In [6]:
import requests
from rdkit import Chem

In [7]:
def get_smiles_from_name(chemical_name):
    # Convert chemical name to SMILES using PubChem
    base_url = "https://pubchem.ncbi.nlm.nih.gov/rest/pug"
    input_url = f"{base_url}/compound/name/{chemical_name}/property/CanonicalSMILES/JSON"
    
    response = requests.get(input_url)
    if response.status_code != 200:
        return None

    data = response.json()
    if 'PropertyTable' not in data or 'Properties' not in data['PropertyTable']:
        return None

    smiles = data['PropertyTable']['Properties'][0]['CanonicalSMILES']
    return smiles

def canonicalize_smiles(smiles):
    molecule = Chem.MolFromSmiles(smiles)
    if molecule is None:
        return None
    canonical_smiles = Chem.MolToSmiles(molecule, canonical=True)
    return canonical_smiles

def get_canonical_smiles_from_name(chemical_name):
    smiles = get_smiles_from_name(chemical_name)
    if not smiles:
        return f"Error: Unable to retrieve SMILES for {chemical_name}"

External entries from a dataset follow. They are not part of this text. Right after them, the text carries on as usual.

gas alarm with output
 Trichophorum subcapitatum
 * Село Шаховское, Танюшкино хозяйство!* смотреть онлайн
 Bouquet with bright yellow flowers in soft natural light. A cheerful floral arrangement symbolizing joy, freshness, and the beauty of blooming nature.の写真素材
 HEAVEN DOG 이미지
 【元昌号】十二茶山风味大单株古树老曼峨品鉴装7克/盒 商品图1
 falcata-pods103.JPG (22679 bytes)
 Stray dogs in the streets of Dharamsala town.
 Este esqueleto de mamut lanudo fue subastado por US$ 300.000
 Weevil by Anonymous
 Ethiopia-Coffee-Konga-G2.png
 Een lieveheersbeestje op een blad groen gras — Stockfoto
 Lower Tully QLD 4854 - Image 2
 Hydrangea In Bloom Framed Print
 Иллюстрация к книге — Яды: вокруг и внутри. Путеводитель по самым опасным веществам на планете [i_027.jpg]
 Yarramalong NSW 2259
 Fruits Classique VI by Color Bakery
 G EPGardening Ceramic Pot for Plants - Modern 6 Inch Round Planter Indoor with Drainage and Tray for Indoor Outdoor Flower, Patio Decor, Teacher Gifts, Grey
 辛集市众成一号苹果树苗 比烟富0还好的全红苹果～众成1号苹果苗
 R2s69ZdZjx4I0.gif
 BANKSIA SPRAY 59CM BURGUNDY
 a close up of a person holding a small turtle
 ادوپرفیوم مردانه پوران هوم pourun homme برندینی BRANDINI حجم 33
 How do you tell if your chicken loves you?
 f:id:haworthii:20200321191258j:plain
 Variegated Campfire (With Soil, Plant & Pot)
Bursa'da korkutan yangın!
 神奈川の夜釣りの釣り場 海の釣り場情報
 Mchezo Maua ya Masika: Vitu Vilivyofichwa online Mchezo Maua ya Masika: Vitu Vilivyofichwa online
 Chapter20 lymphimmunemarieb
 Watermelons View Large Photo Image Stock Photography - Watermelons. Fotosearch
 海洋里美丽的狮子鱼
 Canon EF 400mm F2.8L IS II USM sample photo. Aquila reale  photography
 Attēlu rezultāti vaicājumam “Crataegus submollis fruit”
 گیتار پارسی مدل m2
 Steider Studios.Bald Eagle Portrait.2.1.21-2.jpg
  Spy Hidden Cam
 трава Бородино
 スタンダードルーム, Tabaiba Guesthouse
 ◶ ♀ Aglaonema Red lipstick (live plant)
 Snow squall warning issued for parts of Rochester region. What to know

    canonical_smiles = canonicalize_smiles(smiles)
    if not canonical_smiles:
        return f"Error: Unable to canonicalize SMILES for {chemical_name}"

    return canonical_smiles

In [8]:
chemical_names = ["2-propanol", "isopropanol", "n-propan-2-ol"]
canonical_smiles = {name: get_canonical_smiles_from_name(name) for name in chemical_names}

for name, smiles in canonical_smiles.items():
    print(f"The canonical SMILES for {name} is: {smiles}")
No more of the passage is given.